More recently, I watched my brother working toward his fixed-wing instrument rating. While it was thrilling, it was not – ever – exhilarating. To receive an instrument rating, the pilot has to spend weeks flying blind except for those instruments. The cockpit is literally shrouded from take-off to touchdown. Pilots call it ‘flying under the hood’.

They never eat before going under the hood, because the body’s entire vestibular system is horribly, nauseously confused the whole time. If you look at the instruments, they will tell you precisely where you are and whether you are banking or diving. But your mind can’t reconcile your visual record with your inner ear’s readings. There are no visual cues to tell you how the wind is catching you or whether you have overshot the runway. In fact, the only thing between you and instant death is your absolute certainty that the instruments don’t lie.

By mid-life, most of us have weathered our initial flying lessons. We’ve had our share of the power and sweep of visual flight. We’ve rescued the stranded, skirted the sudden thunderhead, landed on makeshift airstrips in strange places – at night.
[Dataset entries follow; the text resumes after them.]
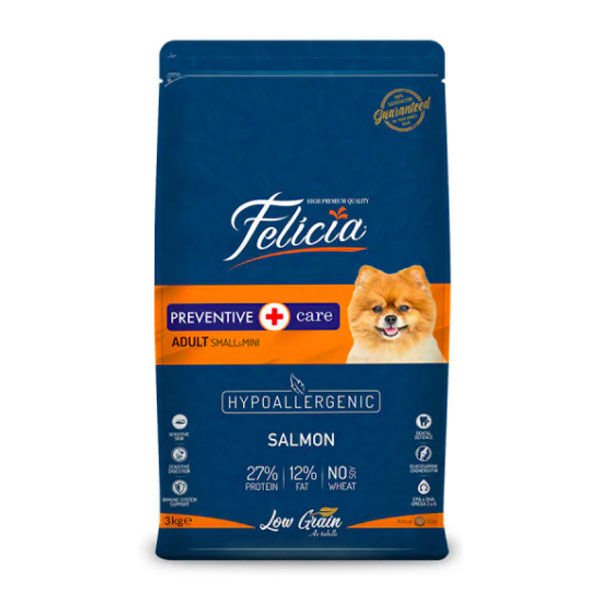 Felicia Hypoallergenic Somonlu Küçük Irk Köpek Maması 3 Kg - 1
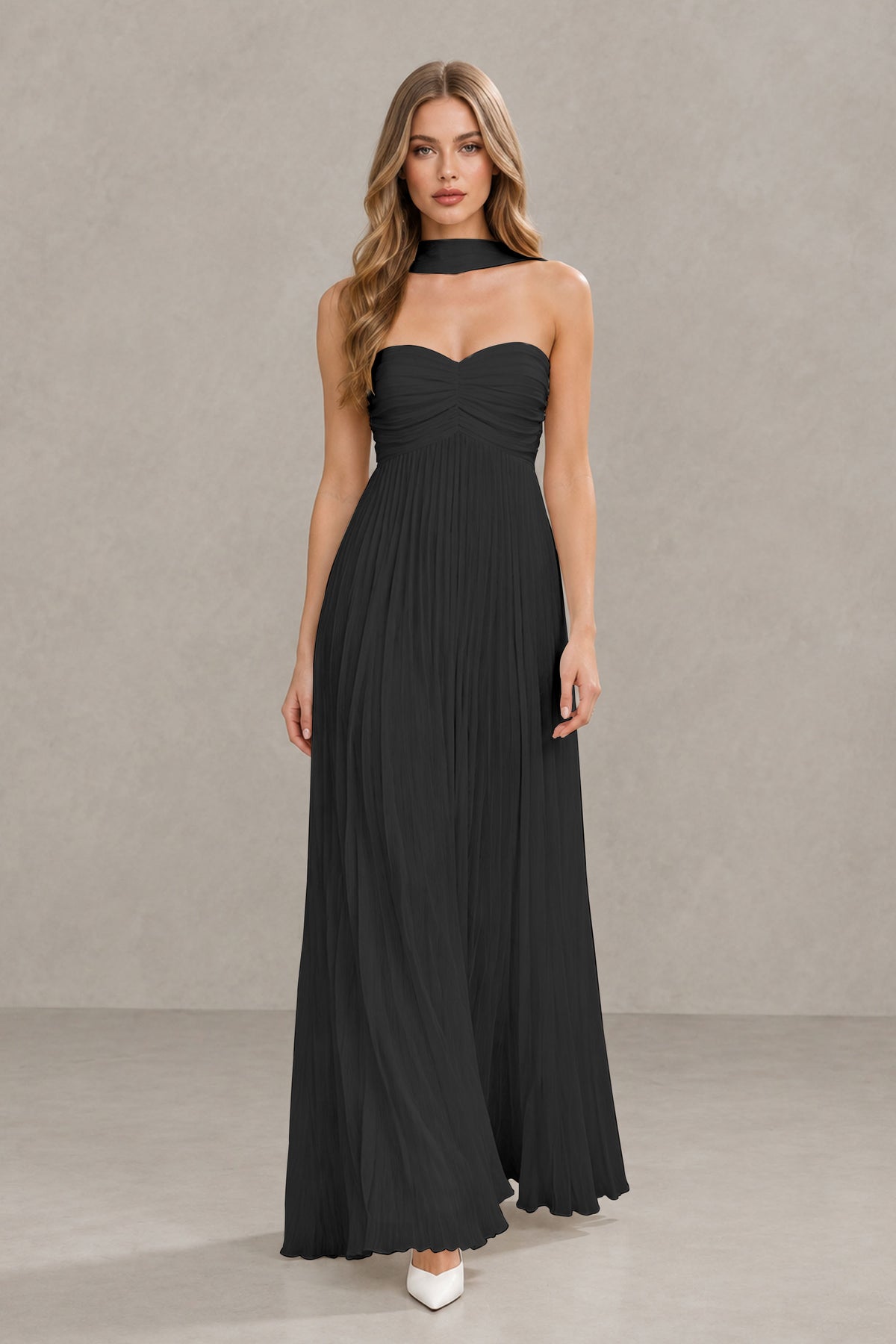 BOLODOO Black Strapless Chiffon-Look Maxi Dress with Lace-Up Back & Cape - Black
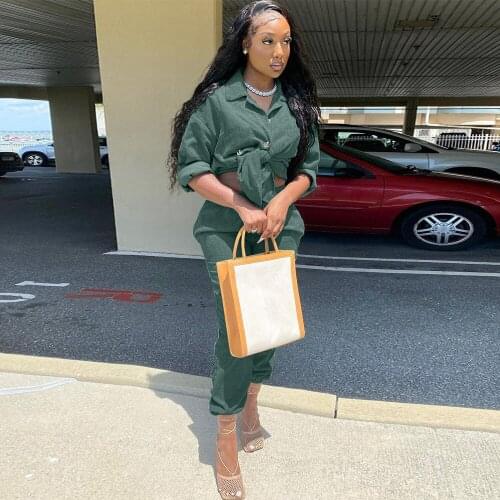 2021 Autumn Corduroy Women Set Loose Long Sleeve Button-up Blouse Shirt and Stretch Waist Jogger Sweatpant Home Suit Clothings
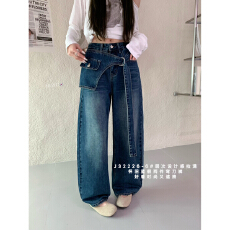 批发<b class='q'>韩国</b>原创秋冬新款时尚气质小众设计感假两件弯刀直筒<b class='q'>牛仔裤</b>32226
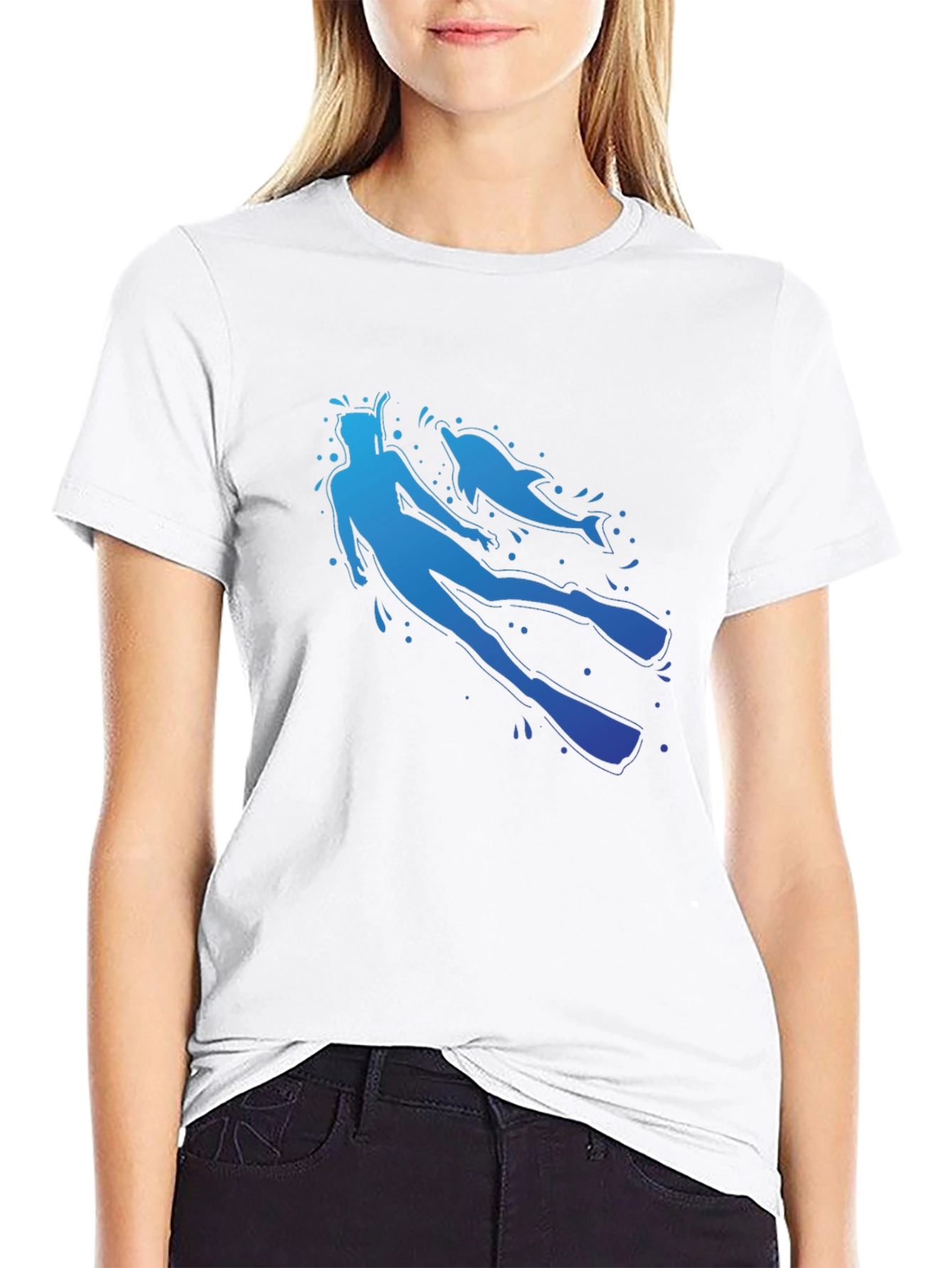 Diver and Dolphin Graphic T-Shirt - Black Crew Neck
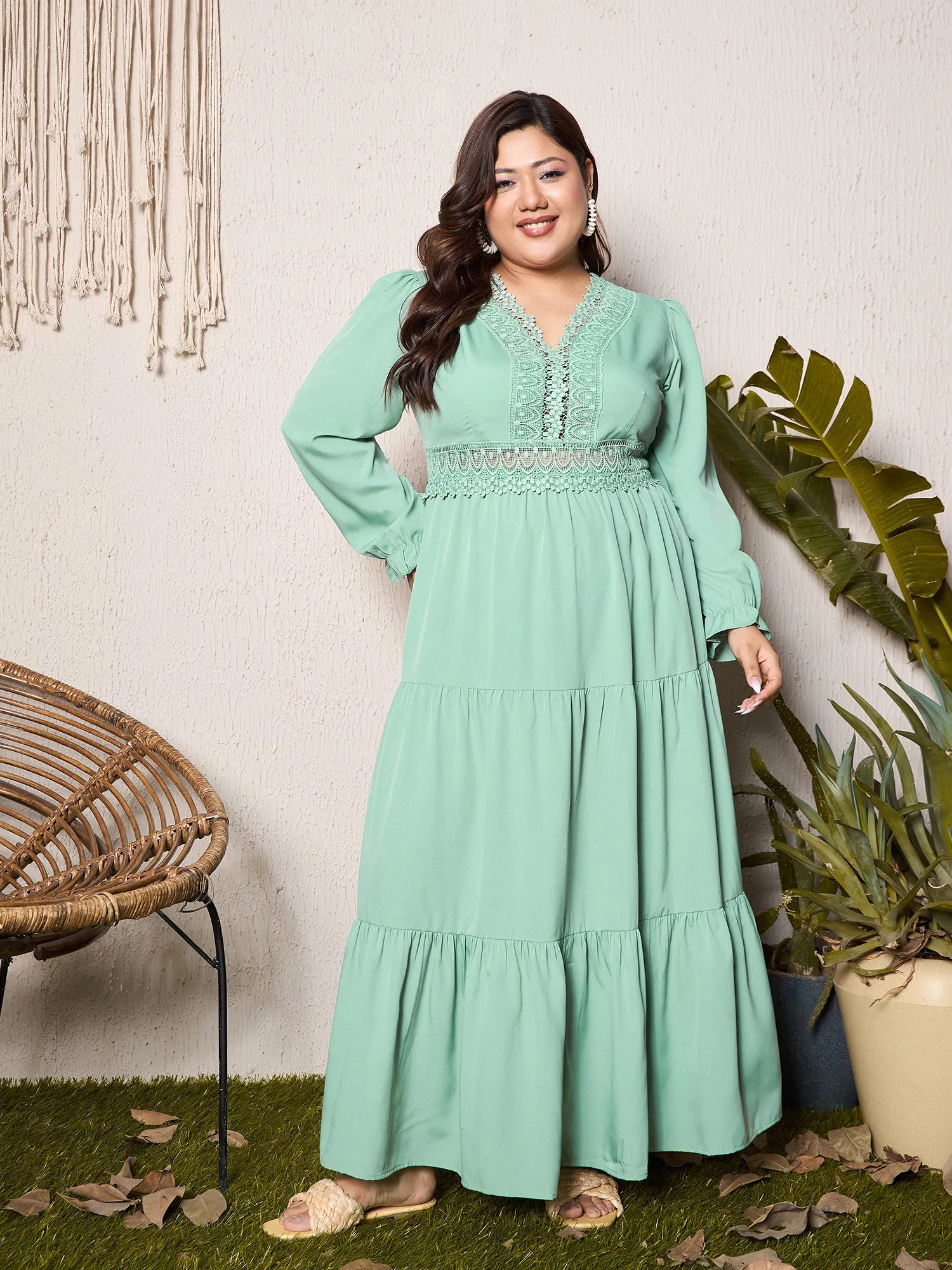 Berrylush Curve Women Solid Green V-Neck Bishop Sleeves Lace Detail Gathered Maxi Dress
And we think we know flying.

So out of the blue, God slips on the hood. Nothing you can see makes any sense. Everything you feel is panic and nausea. In fact, the only thing between you and instant, eternal death is your certainty that the Scriptures don’t lie.

My husband has been taking our teenagers through the Westminster Confession of Faith. Last Sunday afternoon, we were discussing “The holy Scriptures are the only rule of faith and practice,” a theme I’ve been over dozens of times. This is the first time I’ve understood it’s a life-and-death issue. By mid-life, neither reason nor emotion are sufficient to assert, “God is good.” Certainly not in events like Hurricane Katrina or the bombings of 9-11, which many commemorated today.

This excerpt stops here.